You may remember that back in 2008 and 2009 the operator experienced an unprecedented spate of 35 work-related suicides over a 15-month period as huge job- and cost-cutting programmes allied to new company policy of so-called "macho management" caused ructions and disturbed what, hitherto, had been for many employees a cosseted and easy life as unsackable civil ervants. These overly-bureaucratic and legendarily inefficient and incredibly rude and pompous "fonctionaires" delighted in doing very little whilst treating customers with incredible contempt. Unsurprisingly theu were derided and reviled by the French public and there was great delight when finally they were forced to leave the womb of the state and face life in the real world.

The change shocked the workforce and as the days of two- and three-hour subsidised lunch breaks and five- and six-week of annual holidays came to an end the management style at the telco transmuted from the supine and spineless to one of bullying, threatening and the instillation of fear via threats to job security and ever-changing, ever more demanding and increasingly unachievable targets.

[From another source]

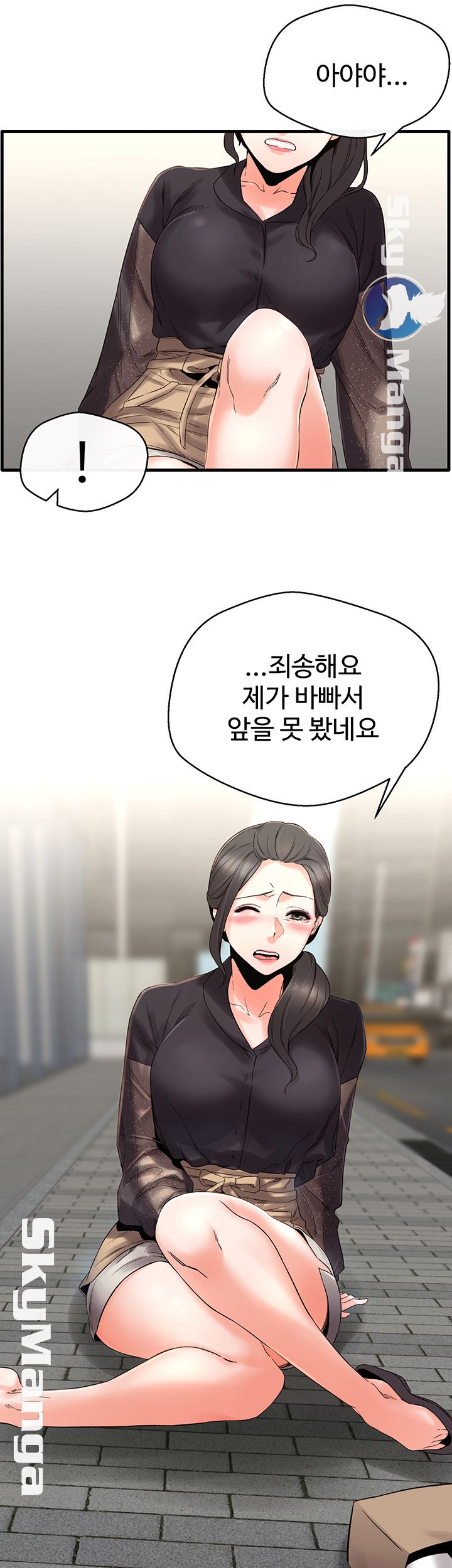 Stimulate Raw Chapter 5 Page 43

It really was a case of "from one extreme to the other" and the tough style came straight from the top. In public CEO Didier Lombard came over as a hard-nosed hard man determined to drag the telco kicking and screaming into the 21st century. He played up to his macho image but lost much public approval when, at the time of the first rash of suicides, he displayed a marked lack of empathy for grieving families and was then ruthlessly pilloried by the French media and the political establishment when he opined that suicide had become a "fashion" within the carrier. It was the start of his downfall.

Things got worse when the journal Le Parisien got hold of a document that was intended only for the sight of France Telecom's top executives and the board of directors. Written by M. Lombard in 2006 it detailed his determination to force through a programme of 22,000 job cuts. In the event, his choice of phrase was both unfortunate and telling. He wrote, "I'll do it [cut the workforce] one way or the other. Either by the window or by the door."

The document caused outrage and in 2012 Didier Lombard was placed under official investigation for introducing a climate and culture of "management harrassment" designed "to weaken by attacking their physical and mental wellbeing and health". M. Lombard remains under investigation to this very day.

Things got quietly better after 2009 and Lombard's forced departure from Orange but now the "Observatory for Stress and Forced Mobility" at France's Works Directorate has issued a "serious alert" and raised a red flag about working conditions and stress at the telco.

This time around though, Orange is taking things rather more seriously rather more quickly. In a statement the company says, "While each of these acts... involves different contexts, these situations remind us to be vigilant and for the need repeatedly to question the efficiency of the numerous preventative measure put in place several years ago".

Meanwhile, France's health Minister, Marisol Touraine, says the new outbreak of suicides "is worrying" and adds that "the company has to take all the necessary measures to minimise suicide amongst its employees. We cannot and will not leave the situation as it is".